-- Records for this task --

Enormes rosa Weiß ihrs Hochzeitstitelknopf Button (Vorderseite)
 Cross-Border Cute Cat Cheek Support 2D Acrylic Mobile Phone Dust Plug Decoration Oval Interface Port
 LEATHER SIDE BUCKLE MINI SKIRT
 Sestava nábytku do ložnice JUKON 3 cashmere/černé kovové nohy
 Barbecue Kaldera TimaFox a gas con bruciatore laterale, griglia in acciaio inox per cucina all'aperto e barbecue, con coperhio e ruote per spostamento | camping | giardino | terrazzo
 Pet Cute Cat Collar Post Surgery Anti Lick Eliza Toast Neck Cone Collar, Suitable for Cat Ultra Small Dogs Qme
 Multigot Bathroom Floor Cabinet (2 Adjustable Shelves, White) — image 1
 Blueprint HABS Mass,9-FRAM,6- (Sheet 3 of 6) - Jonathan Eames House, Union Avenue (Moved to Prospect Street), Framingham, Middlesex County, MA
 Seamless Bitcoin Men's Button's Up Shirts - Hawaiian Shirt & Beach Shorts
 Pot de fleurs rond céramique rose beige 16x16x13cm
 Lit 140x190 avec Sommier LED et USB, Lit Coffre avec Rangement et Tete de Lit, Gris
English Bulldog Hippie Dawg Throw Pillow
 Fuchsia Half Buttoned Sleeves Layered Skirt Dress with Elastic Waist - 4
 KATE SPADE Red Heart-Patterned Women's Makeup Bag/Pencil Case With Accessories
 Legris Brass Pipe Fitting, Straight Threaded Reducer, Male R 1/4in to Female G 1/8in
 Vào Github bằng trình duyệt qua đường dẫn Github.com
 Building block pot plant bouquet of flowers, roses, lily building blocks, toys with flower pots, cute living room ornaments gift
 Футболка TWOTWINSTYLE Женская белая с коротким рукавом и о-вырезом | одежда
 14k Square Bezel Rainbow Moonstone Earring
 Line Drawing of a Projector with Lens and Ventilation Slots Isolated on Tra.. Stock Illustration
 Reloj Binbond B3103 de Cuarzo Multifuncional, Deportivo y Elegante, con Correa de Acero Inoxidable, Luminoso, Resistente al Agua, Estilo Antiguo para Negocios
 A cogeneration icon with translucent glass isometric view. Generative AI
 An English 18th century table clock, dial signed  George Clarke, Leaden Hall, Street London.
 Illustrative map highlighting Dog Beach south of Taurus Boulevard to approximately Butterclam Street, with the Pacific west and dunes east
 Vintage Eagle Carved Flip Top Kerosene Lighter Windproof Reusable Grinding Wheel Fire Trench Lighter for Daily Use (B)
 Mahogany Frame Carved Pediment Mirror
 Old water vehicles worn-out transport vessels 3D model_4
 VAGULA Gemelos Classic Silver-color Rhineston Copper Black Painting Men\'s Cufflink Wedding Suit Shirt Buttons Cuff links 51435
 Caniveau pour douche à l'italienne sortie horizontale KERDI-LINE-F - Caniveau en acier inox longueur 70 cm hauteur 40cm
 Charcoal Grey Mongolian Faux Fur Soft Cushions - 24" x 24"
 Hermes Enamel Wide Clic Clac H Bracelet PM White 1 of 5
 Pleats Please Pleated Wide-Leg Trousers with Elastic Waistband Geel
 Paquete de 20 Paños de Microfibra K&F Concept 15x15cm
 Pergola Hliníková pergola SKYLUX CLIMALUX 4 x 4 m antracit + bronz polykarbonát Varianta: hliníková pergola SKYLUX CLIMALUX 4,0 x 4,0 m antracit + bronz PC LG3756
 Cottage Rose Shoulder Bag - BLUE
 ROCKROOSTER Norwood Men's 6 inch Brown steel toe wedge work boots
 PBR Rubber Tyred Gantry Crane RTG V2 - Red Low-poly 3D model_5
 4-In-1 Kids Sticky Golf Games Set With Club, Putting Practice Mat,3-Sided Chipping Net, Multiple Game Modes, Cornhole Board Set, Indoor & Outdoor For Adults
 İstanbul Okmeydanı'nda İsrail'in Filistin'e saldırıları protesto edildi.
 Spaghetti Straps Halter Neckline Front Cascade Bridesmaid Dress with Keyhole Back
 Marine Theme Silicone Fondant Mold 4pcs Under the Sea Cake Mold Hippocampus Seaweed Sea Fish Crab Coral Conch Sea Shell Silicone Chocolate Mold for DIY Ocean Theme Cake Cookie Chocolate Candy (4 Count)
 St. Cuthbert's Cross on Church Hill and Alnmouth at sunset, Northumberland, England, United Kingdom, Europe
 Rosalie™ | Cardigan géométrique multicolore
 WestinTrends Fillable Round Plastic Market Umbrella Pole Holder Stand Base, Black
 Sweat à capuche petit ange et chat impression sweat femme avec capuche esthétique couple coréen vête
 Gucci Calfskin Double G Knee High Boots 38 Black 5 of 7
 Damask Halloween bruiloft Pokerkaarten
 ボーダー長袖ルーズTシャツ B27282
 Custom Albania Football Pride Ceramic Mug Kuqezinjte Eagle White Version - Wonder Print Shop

-- Work instructions --
Repeat the entire listing above, keeping every line exactly the same.

-- Output for this task --
Enormes rosa Weiß ihrs Hochzeitstitelknopf Button (Vorderseite)
 Cross-Border Cute Cat Cheek Support 2D Acrylic Mobile Phone Dust Plug Decoration Oval Interface Port
 LEATHER SIDE BUCKLE MINI SKIRT
 Sestava nábytku do ložnice JUKON 3 cashmere/černé kovové nohy
 Barbecue Kaldera TimaFox a gas con bruciatore laterale, griglia in acciaio inox per cucina all'aperto e barbecue, con coperhio e ruote per spostamento | camping | giardino | terrazzo
 Pet Cute Cat Collar Post Surgery Anti Lick Eliza Toast Neck Cone Collar, Suitable for Cat Ultra Small Dogs Qme
 Multigot Bathroom Floor Cabinet (2 Adjustable Shelves, White) — image 1
 Blueprint HABS Mass,9-FRAM,6- (Sheet 3 of 6) - Jonathan Eames House, Union Avenue (Moved to Prospect Street), Framingham, Middlesex County, MA
 Seamless Bitcoin Men's Button's Up Shirts - Hawaiian Shirt & Beach Shorts
 Pot de fleurs rond céramique rose beige 16x16x13cm
 Lit 140x190 avec Sommier LED et USB, Lit Coffre avec Rangement et Tete de Lit, Gris
English Bulldog Hippie Dawg Throw Pillow
 Fuchsia Half Buttoned Sleeves Layered Skirt Dress with Elastic Waist - 4
 KATE SPADE Red Heart-Patterned Women's Makeup Bag/Pencil Case With Accessories
 Legris Brass Pipe Fitting, Straight Threaded Reducer, Male R 1/4in to Female G 1/8in
 Vào Github bằng trình duyệt qua đường dẫn Github.com
 Building block pot plant bouquet of flowers, roses, lily building blocks, toys with flower pots, cute living room ornaments gift
 Футболка TWOTWINSTYLE Женская белая с коротким рукавом и о-вырезом | одежда
 14k Square Bezel Rainbow Moonstone Earring
 Line Drawing of a Projector with Lens and Ventilation Slots Isolated on Tra.. Stock Illustration
 Reloj Binbond B3103 de Cuarzo Multifuncional, Deportivo y Elegante, con Correa de Acero Inoxidable, Luminoso, Resistente al Agua, Estilo Antiguo para Negocios
 A cogeneration icon with translucent glass isometric view. Generative AI
 An English 18th century table clock, dial signed  George Clarke, Leaden Hall, Street London.
 Illustrative map highlighting Dog Beach south of Taurus Boulevard to approximately Butterclam Street, with the Pacific west and dunes east
 Vintage Eagle Carved Flip Top Kerosene Lighter Windproof Reusable Grinding Wheel Fire Trench Lighter for Daily Use (B)
 Mahogany Frame Carved Pediment Mirror
 Old water vehicles worn-out transport vessels 3D model_4
 VAGULA Gemelos Classic Silver-color Rhineston Copper Black Painting Men\'s Cufflink Wedding Suit Shirt Buttons Cuff links 51435
 Caniveau pour douche à l'italienne sortie horizontale KERDI-LINE-F - Caniveau en acier inox longueur 70 cm hauteur 40cm
 Charcoal Grey Mongolian Faux Fur Soft Cushions - 24" x 24"
 Hermes Enamel Wide Clic Clac H Bracelet PM White 1 of 5
 Pleats Please Pleated Wide-Leg Trousers with Elastic Waistband Geel
 Paquete de 20 Paños de Microfibra K&F Concept 15x15cm
 Pergola Hliníková pergola SKYLUX CLIMALUX 4 x 4 m antracit + bronz polykarbonát Varianta: hliníková pergola SKYLUX CLIMALUX 4,0 x 4,0 m antracit + bronz PC LG3756
 Cottage Rose Shoulder Bag - BLUE
 ROCKROOSTER Norwood Men's 6 inch Brown steel toe wedge work boots
 PBR Rubber Tyred Gantry Crane RTG V2 - Red Low-poly 3D model_5
 4-In-1 Kids Sticky Golf Games Set With Club, Putting Practice Mat,3-Sided Chipping Net, Multiple Game Modes, Cornhole Board Set, Indoor & Outdoor For Adults
 İstanbul Okmeydanı'nda İsrail'in Filistin'e saldırıları protesto edildi.
 Spaghetti Straps Halter Neckline Front Cascade Bridesmaid Dress with Keyhole Back
 Marine Theme Silicone Fondant Mold 4pcs Under the Sea Cake Mold Hippocampus Seaweed Sea Fish Crab Coral Conch Sea Shell Silicone Chocolate Mold for DIY Ocean Theme Cake Cookie Chocolate Candy (4 Count)
 St. Cuthbert's Cross on Church Hill and Alnmouth at sunset, Northumberland, England, United Kingdom, Europe
 Rosalie™ | Cardigan géométrique multicolore
 WestinTrends Fillable Round Plastic Market Umbrella Pole Holder Stand Base, Black
 Sweat à capuche petit ange et chat impression sweat femme avec capuche esthétique couple coréen vête
 Gucci Calfskin Double G Knee High Boots 38 Black 5 of 7
 Damask Halloween bruiloft Pokerkaarten
 ボーダー長袖ルーズTシャツ B27282
 Custom Albania Football Pride Ceramic Mug Kuqezinjte Eagle White Version - Wonder Print Shop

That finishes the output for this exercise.